Silo SeeSaw
We all teach that trust is the foundation of group development. Many of us focus on trust as a building block and the resulting negative effect of a lack of trust. Put a individual in the group who can not be trusted and the group dynamics go negative. Dysfunction takes over and until you remove the distrustful person, well.. it is a mess. The same problem exists at a greater level in organizations and is exhibited in silo mentality. If you have one unit in your organizational structure which takes on a silo mentality, it creates an organizational culture of distrust.. and dysfunction takes over. Now, you can fire an employee who is distrustful, but you can not eliminate a structural unit in your organization. I have seen two approaches to dealing with this effect:
-Reorganize the structure to encourage less silo mementality This is the most often used approach from my experience, but one that rarely works. Silos are a creation of human behavior, not structure. Structure can influence who successful as a silo builder, but the root cause of silos goes to individual leaders who love building kingdoms.

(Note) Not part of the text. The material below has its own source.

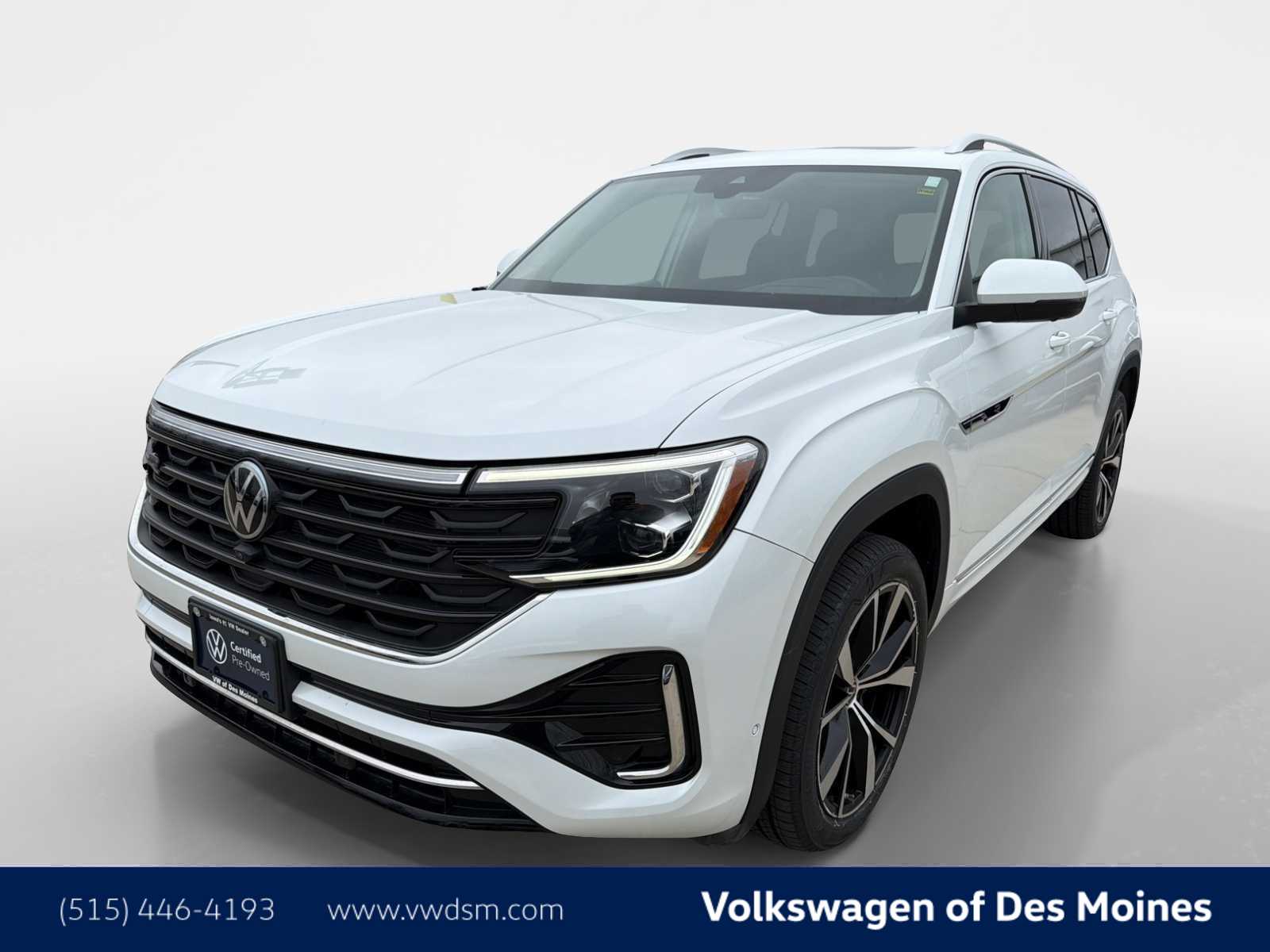 Opal White Pearl 2024 Volkswagen Atlas SEL Premium R-Line 4Motion AWD SUV / Crossover All-Wheel Drive 8-Speed Automatic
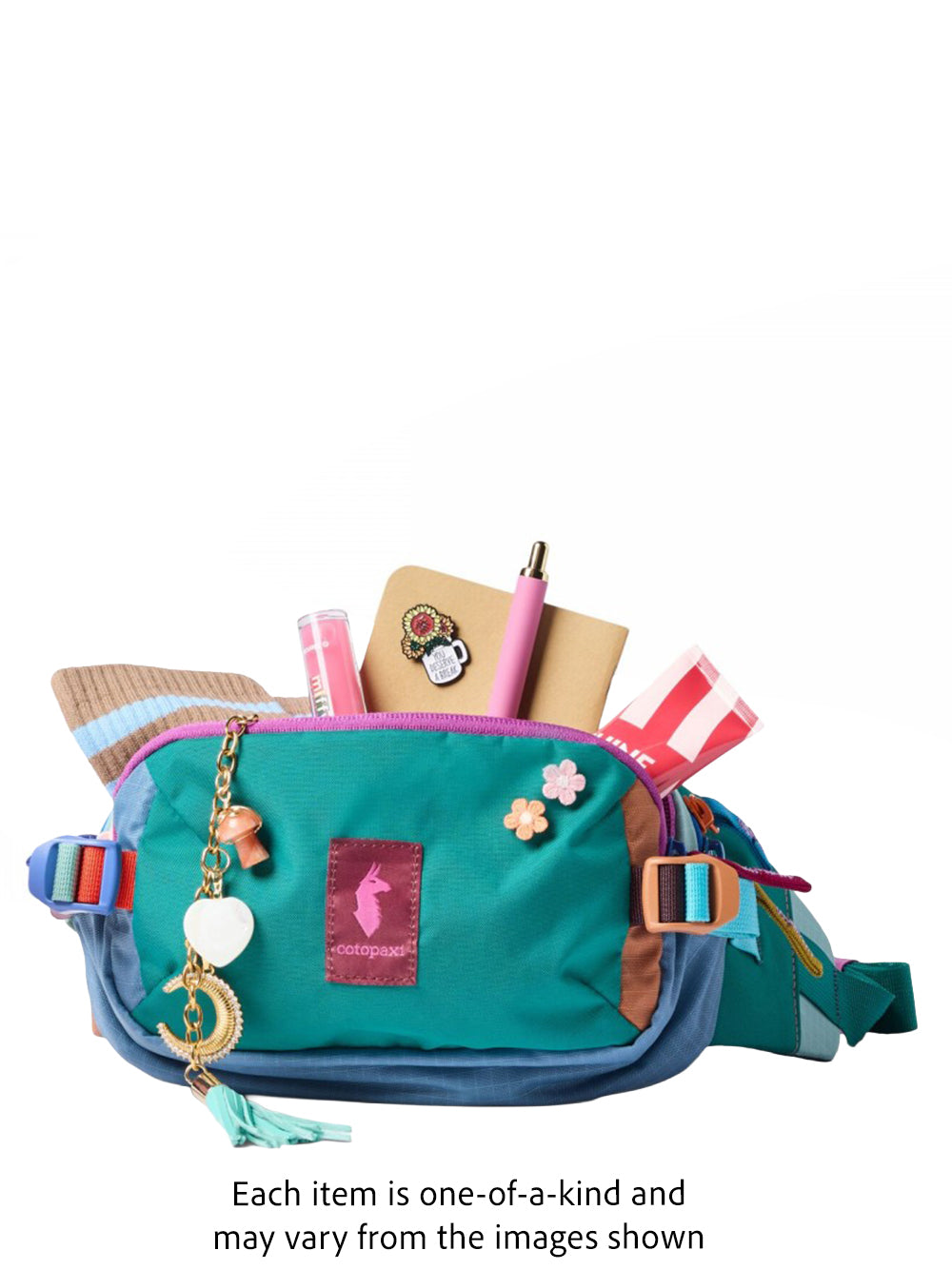 cotopaxi allpa 1.5l hip pack X where each piece is born from the creative recovery of materials and is assembled according to the color choices of the tailors Cotopaxi Allpa X 1.5L Hip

-Get the right leaders. Leaders need to work at the organizational level. They need to focus on organizational goals, but also they must buy into their unit's role in that journey. More importantly, leaders have to want everyone to be successful, especially employees not in their unit. Sometimes, choosing an organizationally committed employee over a more accomplished person leads to higher performance. Just like hiring a trusting employee leads to better teams.
And the truth is that these sort of leaders are rare. Face it, you employees are competiting with other leaders for the next promotion... It takes a great deal of maturity to put your own career second to the organizational goals. In a sense, that is what great leaders do.
The impact of silos on your bottom line is huge, but hard to measure. Much like the distrustful team member, silos inpact everyone's productivity. You can't measure the passive behavior that results in less productivity. I once sat with a senior leader who refused to share with her peers an approach to teaching because she was so intent on making her division the best. She actually would hide answers to problems from her peers... ouch.. silos rained on the entire organization and she was the center of the universe. which is what she wanted. But the universe could have been so much bigger...
What's the leadership message.. leadership has to be more than making yourself or your unit the best. Leaders have to look beyond their own ambitions and seek in a humble way to grow the entire organization. In a world where we have been taught to compete head to head, we have to learn as we move into leading others, we compete less.. and support more.